The other night, I was at a local coffee shop searching for a new environment in hopes of replenishing my focus and work ethic (Grand aspirations, huh?). Sitting in the shop, with my laptop out and a cup of coffee not far from my hand, I mused on the interactions that coffee shops facilitate. Why has such a simple thing, a shop where you can buy coffee, become an international symbol of productivity? Coffeehouses have historical roots as social gathering points, not too dissimilar to that of bars or taverns, yet now we associate that atmosphere of coffee shops with MacBooks and earbuds, rather than just places to gather with friends. What’s caused this change in dynamics and are there any remnants of the social gathering places that these shops once were?

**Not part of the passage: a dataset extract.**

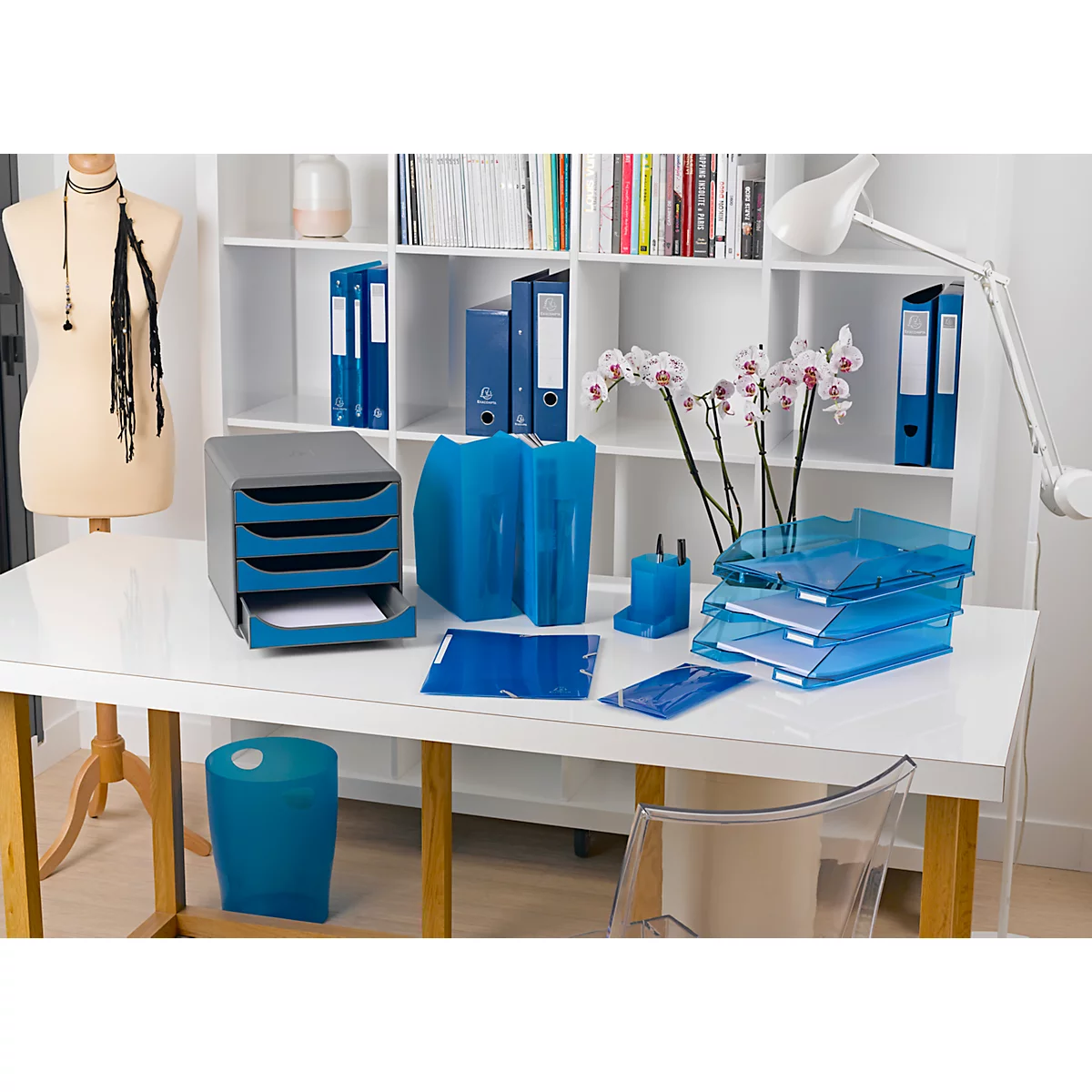 Büro-Set auf weissem Tisch. Blaue Ablagen, Ordner, Stifthalter, Papierkorb und Orchideen.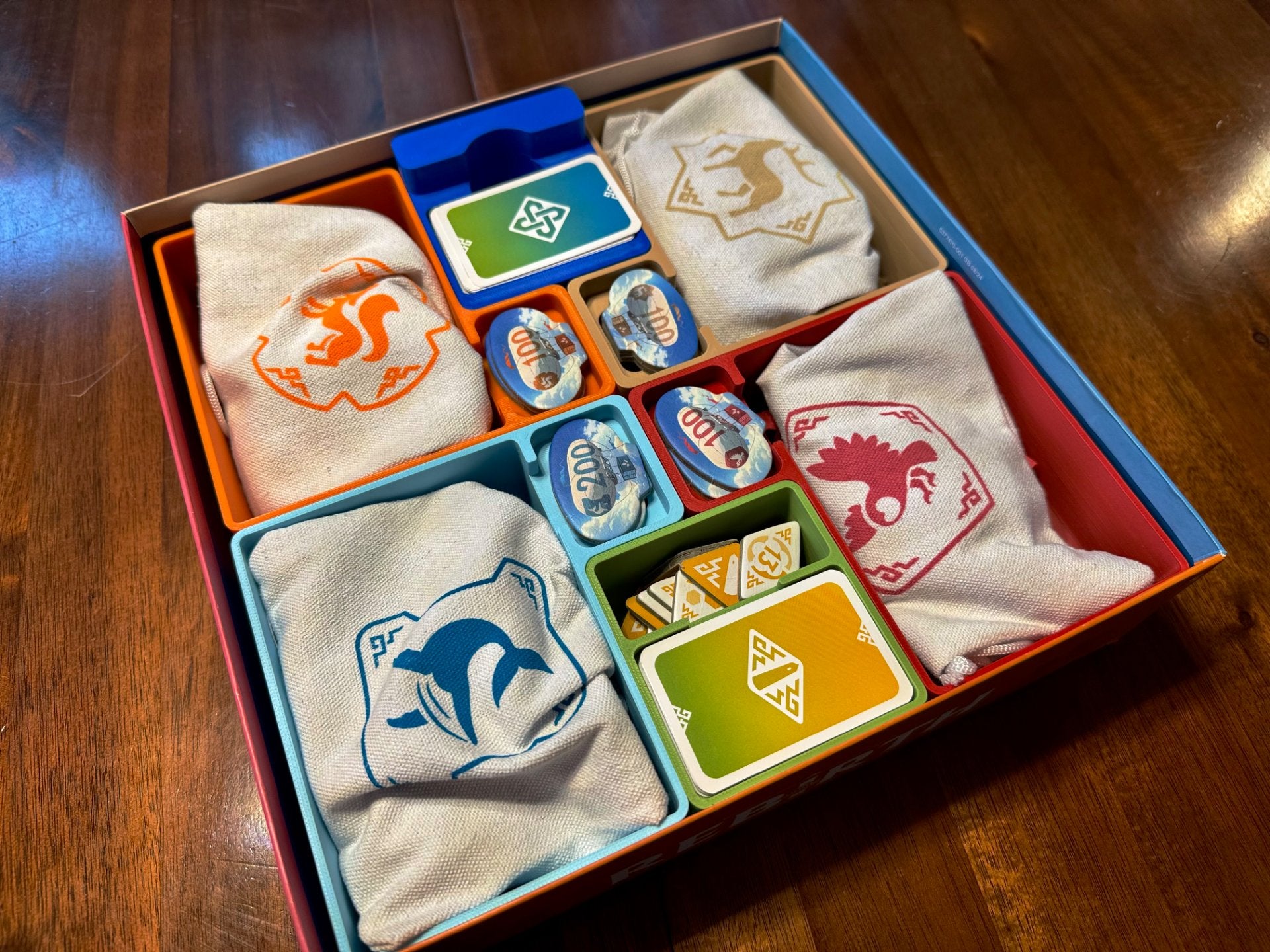 Rebirth Board Game Insert by KreativLayers, featuring custom compartments for game pieces and cards in a sleek design.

Coffee shops, traditionally, are identified as third places in the field of Sociology. The concept of third places was coined by sociologist Ray Oldenburg to identify areas that don’t fall under the two major social environments that people encounter most often: home and work. This third type of social space is characterized as being socially neutral, and highly accessible, allowing for more diverse social interaction at different socioeconomic levels and through various means. Examples of these places might be, apart from a coffee shop, a store, a community center, library, or even a street or sidewalk. The essential aspect is the diversity of interaction they enable because of their neutrally and accessibility by all social classes and groups.

A 2013 research study by Woldoff Lozzi and Dilks yielded that the portrayal of coffee shops as third places is still valid, but that new elements have initiated a slow change in the social dynamics of these places. Coffeehouses are beginning to become private zones to work instead of purely neutral spaces for socialization (referring to socialization on a macro scale, not merely the intentional socialization sometimes denoted by this term). This new aspect is undeniably apparent when contrasted with other types of third places such as churches, clubs, and parks. However, the question that follows is what caused this transition? The most obvious answer would be that a new social group (such as those who merely want low rent pseudo-offices to work in) has overtaken the previously unfocused group that third places are characteristic of; however, I would suggest that instead, this new social group emerged from the previous. The norms of the former group are still assumed and add to the usefulness of coffee shops as work spaces. The achieved effect is an environment that can be perceived as being socially responsive, despite the clear social isolation of the persons in the environment. Lozzi and Dilks evidently classify these new areas as Multifunctional Spaces.

Coffeehouses clearly maintain duality in social nature, the question is, will the social responsiveness of these environments disappear? Or remain, despite the social isolation that members increasingly participate in as coffee shops become less recreational and more work-centric?